··· INFORMATION SHOWN ···

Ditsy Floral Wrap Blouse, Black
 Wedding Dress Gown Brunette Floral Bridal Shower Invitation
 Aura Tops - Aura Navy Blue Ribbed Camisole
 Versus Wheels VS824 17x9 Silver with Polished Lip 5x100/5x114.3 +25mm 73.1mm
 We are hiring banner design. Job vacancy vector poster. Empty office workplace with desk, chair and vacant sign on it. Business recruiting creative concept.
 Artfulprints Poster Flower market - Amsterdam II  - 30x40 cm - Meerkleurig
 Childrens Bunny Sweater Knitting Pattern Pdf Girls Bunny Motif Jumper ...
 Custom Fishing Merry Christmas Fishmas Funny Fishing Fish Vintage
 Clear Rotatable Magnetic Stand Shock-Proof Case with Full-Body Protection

···

▶ **WHAT NEEDS TO BE DONE**:
Each line holding the word "with" must be pulled from the records.

▶ **YOUR SOLUTION**:
 Versus Wheels VS824 17x9 Silver with Polished Lip 5x100/5x114.3 +25mm 73.1mm
 We are hiring banner design. Job vacancy vector poster. Empty office workplace with desk, chair and vacant sign on it. Business recruiting creative concept.
 Clear Rotatable Magnetic Stand Shock-Proof Case with Full-Body Protection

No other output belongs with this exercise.